## WHAT YOU NEED TO DO
Reproduce the section of the listing that begins at the line containing "Натяжные потолки уходят" and finishes at the line containing "Top With Curve Sleeve - BLANCORE". Include both end lines and nothing beyond them.

## AVAILABLE RECORDS
━━━

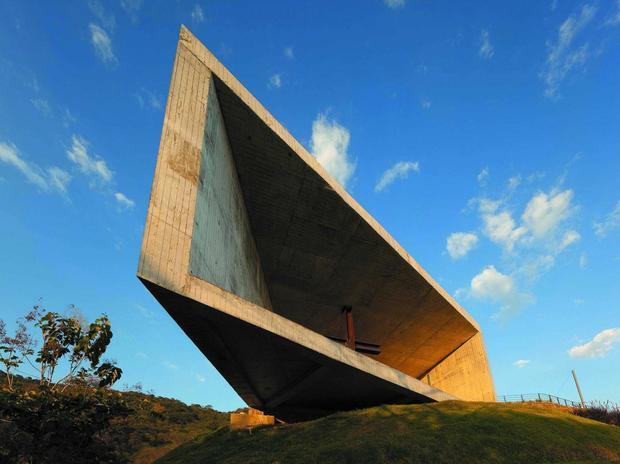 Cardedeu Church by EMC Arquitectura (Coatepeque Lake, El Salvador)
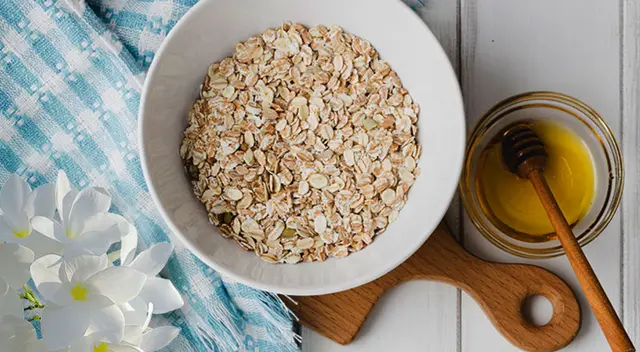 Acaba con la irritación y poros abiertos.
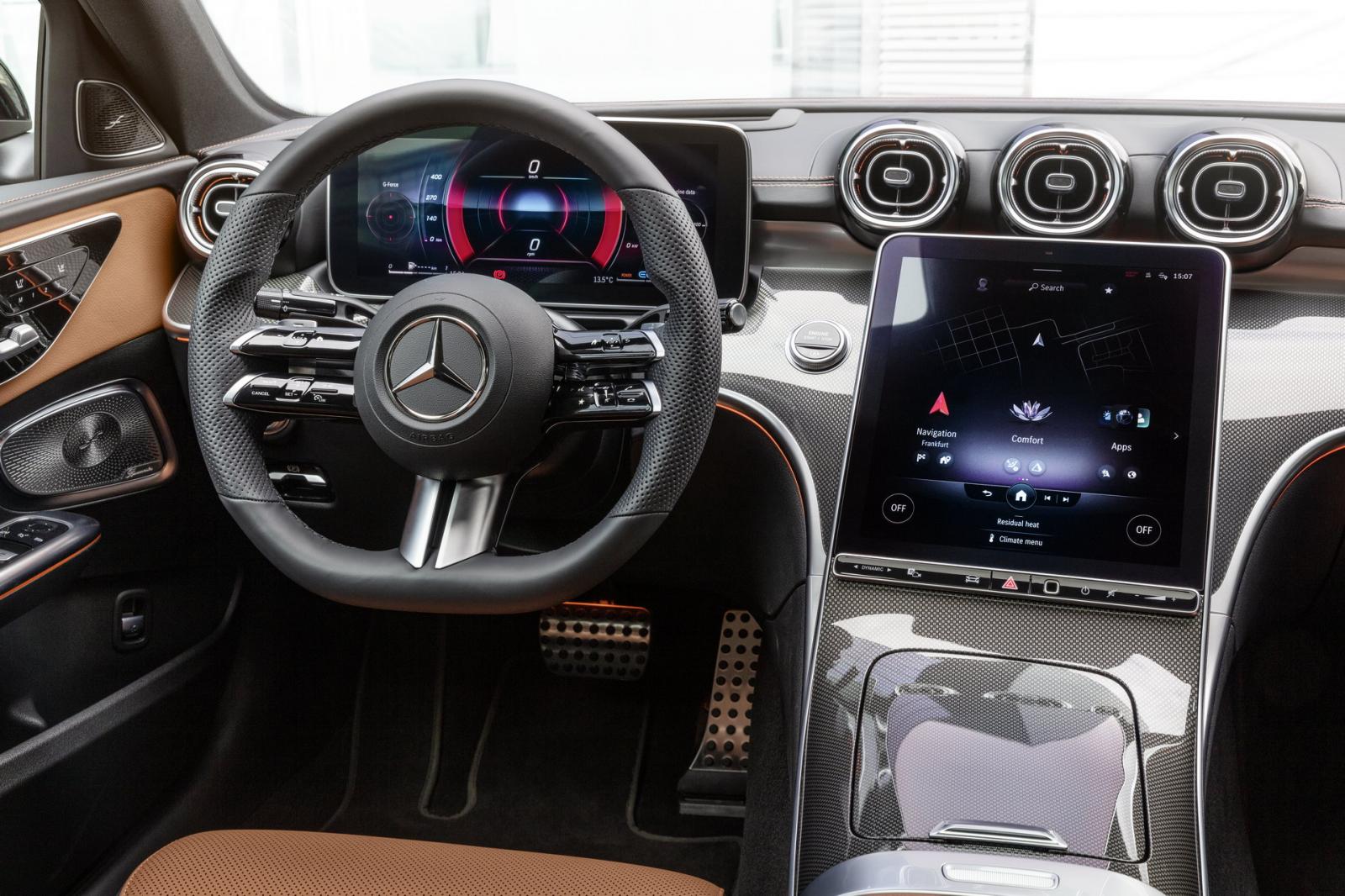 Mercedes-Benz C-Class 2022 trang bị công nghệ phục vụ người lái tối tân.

━━━

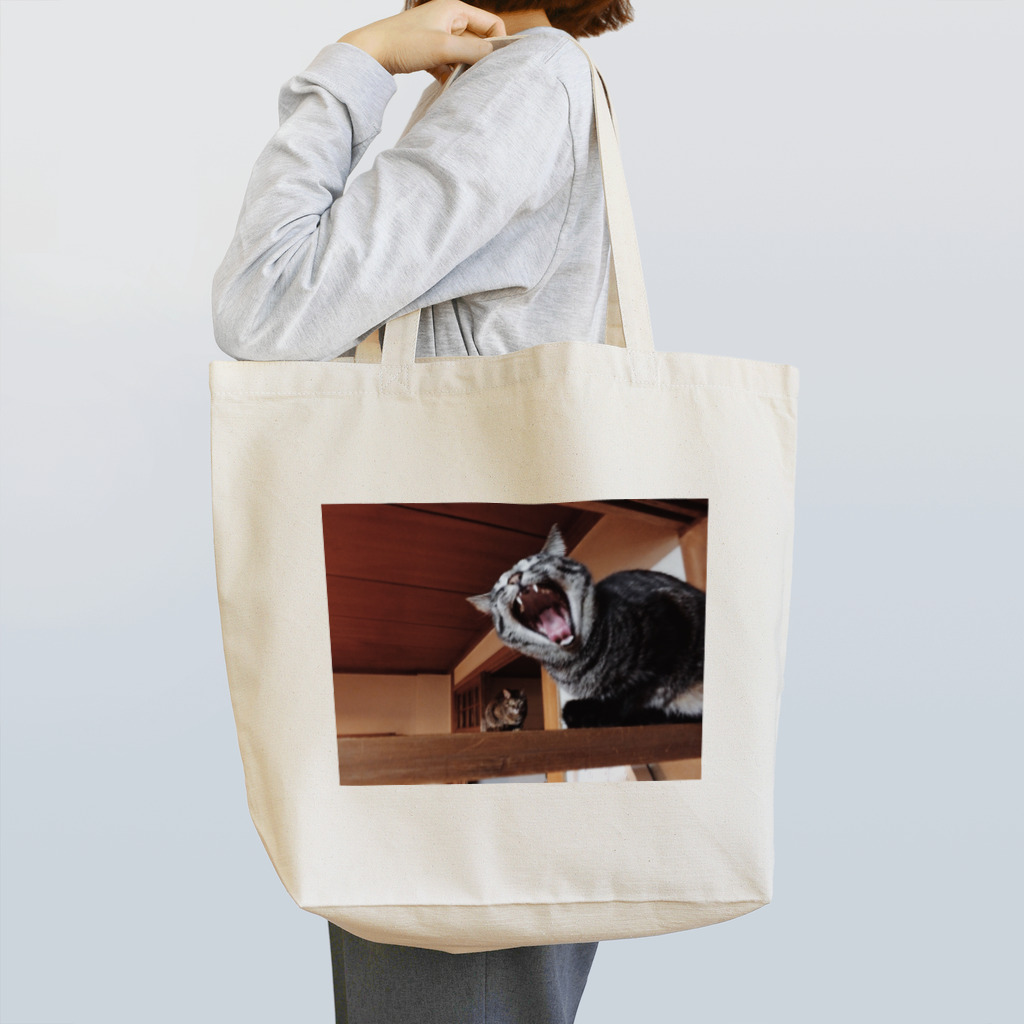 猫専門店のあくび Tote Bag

━━━

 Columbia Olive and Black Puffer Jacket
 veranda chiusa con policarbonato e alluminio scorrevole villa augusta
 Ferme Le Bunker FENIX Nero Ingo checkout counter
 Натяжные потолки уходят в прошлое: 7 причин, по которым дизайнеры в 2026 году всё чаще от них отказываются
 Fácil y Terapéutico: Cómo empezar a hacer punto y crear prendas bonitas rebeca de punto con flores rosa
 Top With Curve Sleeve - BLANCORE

━━━

## ANSWER TO THIS TASK
 Натяжные потолки уходят в прошлое: 7 причин, по которым дизайнеры в 2026 году всё чаще от них отказываются
 Fácil y Terapéutico: Cómo empezar a hacer punto y crear prendas bonitas rebeca de punto con flores rosa
 Top With Curve Sleeve - BLANCORE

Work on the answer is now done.